Tego nie wymyśliłby nawet sam Marcin Najman. Wyzwanie do walki rzucił mu 87-letni Jerzy Urban, były rzecznik PRL-owskiego rządu. Jak można się było spodziewać, spotkał się z ciętą ripostą.
"Najman, Najman. Wyzywam cię na pojedynek. Z wiedzy o polityce się boję. Ale możemy się napier..." - takie słowa wypowiada emerytowany Jerzy Urban na twitterowym filmie, w rękawicach bokserskich na dłoniach.
Najman mógł zlekceważyć 87-latka lub potraktować go z politowaniem. Postanowił jednak odpowiedzieć w dosadny sposób. Okazuje się, że stanąłby do walki... pod jednym warunkiem.
"Gdybyś miał Goebbelsie Stanu Wojennego ze 40 lat mniej zrobiłbym to z przyjemnością, to co z Don Kablem, czyli obalił i nakładł po łbie, za to co wyrządziłeś Polsce" - zakomunikował były bokser również za pośrednictwem Twittera.
Urban to jedna z ikon schyłkowego okresu PRL. Sprawował funkcję rzecznika Rady Ministrów w latach 1981-89. Obecnie jest publicystą w randze redaktora naczelnego tygodnika "NIE".

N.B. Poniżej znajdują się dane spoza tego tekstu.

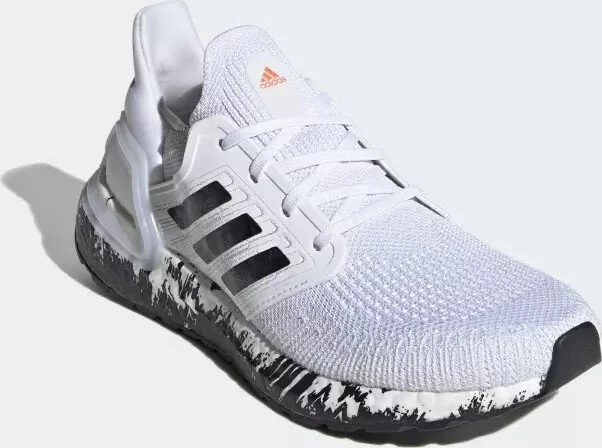 adidas Ultraboost 20 cloud white/core black/signal coral (Damen)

Tymczasem 41-letni Najman zapowiedział pożegnalną (?) walkę w oktagonie. Jak twierdzi, rozmawia obecnie w kraju z dwoma dużymi organizacjami MMA. Efekt negocjacji mamy poznać niebawem.

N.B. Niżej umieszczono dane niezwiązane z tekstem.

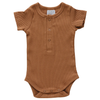 Mebie Baby boys ribbed henley onesie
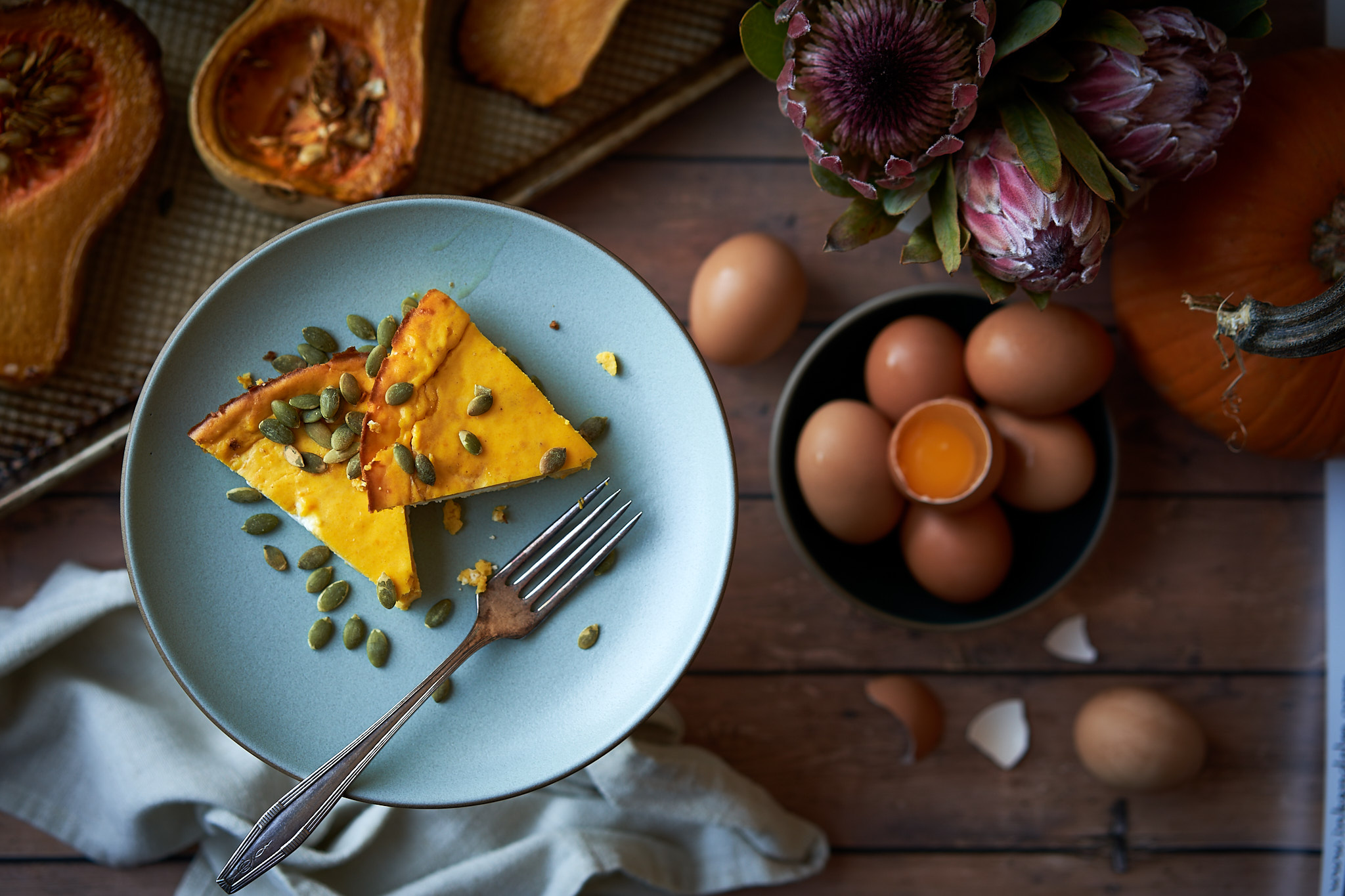 Crustless Butternut Squash Tart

Ostatnim pojedynkiem częstochowianina miało być starcie z Kasjuszem "Don Kasjo" Życińskim na gali Fame MMA 8. Konfrontacja zakończyła się skandalem. Po dwóch faulach Najmana walka została przerwana, a w klatce doszło do karczemnej awantury.
W efekcie tych wydarzeń na "El Testosterona" gospodarze wieczoru nałożyli dożywotnią dyskwalifikację. Nie wyklucza to jednak jego walk w innych organizacjach.